Motorcyclists often find themselves facing challenges that non riders wouldn't even consider. Often a rider doesn't think about the legal issues until it's too late. This comprehensive guide, Motorcyclists Legal Handbook, with information compiled and placed in one easy to use reference book is a "must have" addition to any rider's library.
Author and veteran rider, Pat Hahn gives you all the information you need to keep your record clean and walks you through the process of defending yourself in court if the need ever arises.
In his introduction, Hahn reminds us that “A clean driving record is a key element to enjoyable motorcycling that many riders overlook. Understandably, avoiding administrative hassles isn’t on anyone’s priority list, but when dings on your record pile up, they have a way of separating motorcyclists from the activity they love. A traffic stop is embarrassing and time consuming, and it takes the fun out of an otherwise great day of riding. Paying for something like a speeding ticket (known as “entertainment tax” in some circles) cuts into the fun of spending money on tires, gas, food, and those cool little hotels in the mountains."
Allowing too many traffic convictions to pile up on your record has a way of taking all the fun out of riding.

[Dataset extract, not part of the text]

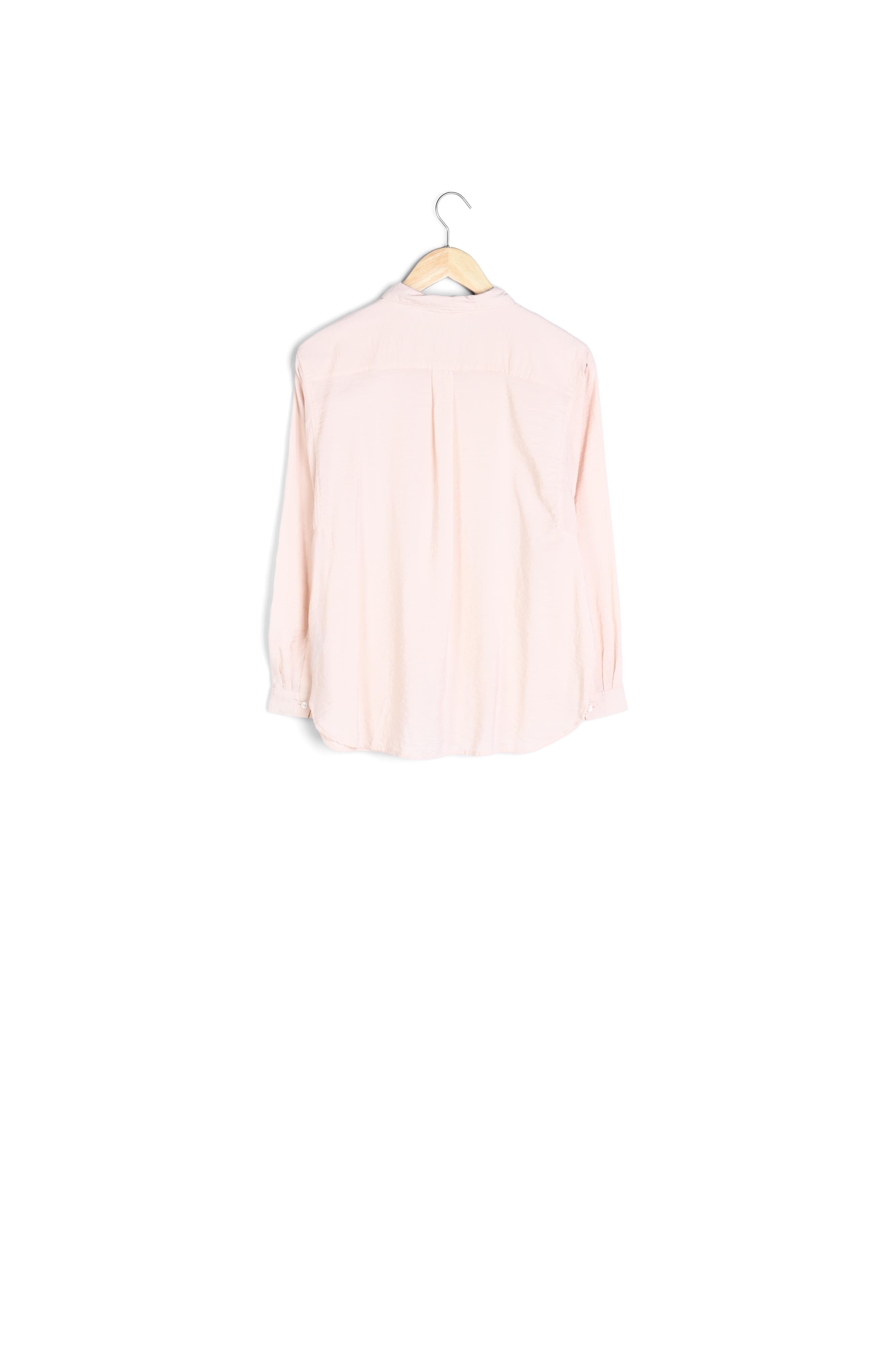 Chemise légère et ample rose poudrée Adila Faume - seconde main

You may end up being forced to park your bike for weeks or months because you’re no longer legal in the eyes of the law. It doesn’t have to be that way. The Motorcyclist’s Legal Handbook is an easy to navigate, state by state breakdown of all the key rules and regulations that motorcyclists must abide by if they want to stay ticket free while traveling in different states. From the myriad licensing requirements and restrictions that vary from state to state to the issue of anti-motorcycle bias among law enforcement officials, Motorcyclist’s Legal Handbook suggests how to keep from being noticed (and pulled over) and tells you exactly what to do if you are pulled over.
Excerpts from Motorcyclist’s Legal Handbook
"You should assume that violations in other states will be reported back to your state."
"A handful of states-eleven, at last count-have devised legislative solutions to the problem of motorcyclists sitting at a red light indefinitely because their bikes went undetected by the sensors."
"You should have two fenders on your bike, front and rear, to be covered in every state."
"Probably not on the forefront of most motorcyclists’ minds, but something to be aware of, is the 15 or so states that have something to say about using earphones or headphones."